* Data provided
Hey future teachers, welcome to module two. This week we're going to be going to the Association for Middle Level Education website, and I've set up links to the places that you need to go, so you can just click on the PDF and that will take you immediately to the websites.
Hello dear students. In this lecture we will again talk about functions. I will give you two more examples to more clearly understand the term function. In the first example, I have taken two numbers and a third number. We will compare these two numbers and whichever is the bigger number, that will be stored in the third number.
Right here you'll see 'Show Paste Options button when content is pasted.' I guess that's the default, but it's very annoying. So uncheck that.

* * *

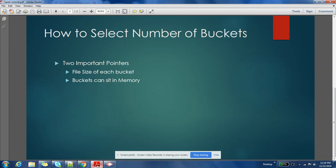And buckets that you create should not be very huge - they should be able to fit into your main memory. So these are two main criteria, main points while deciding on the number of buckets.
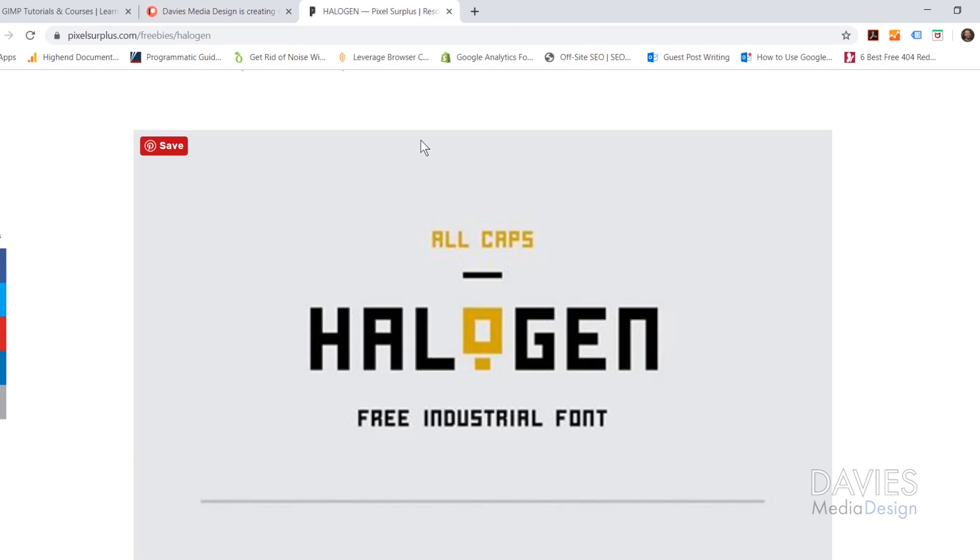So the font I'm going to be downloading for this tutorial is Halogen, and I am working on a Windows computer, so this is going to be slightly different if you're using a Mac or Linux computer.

* Action item
With the line that has "Hey future teachers, welcome" as the first and the line that has "Hello dear students." as the last, repeat exactly that run of lines above and no more.

* Answer below
Hey future teachers, welcome to module two. This week we're going to be going to the Association for Middle Level Education website, and I've set up links to the places that you need to go, so you can just click on the PDF and that will take you immediately to the websites.
Hello dear students. In this lecture we will again talk about functions. I will give you two more examples to more clearly understand the term function. In the first example, I have taken two numbers and a third number. We will compare these two numbers and whichever is the bigger number, that will be stored in the third number.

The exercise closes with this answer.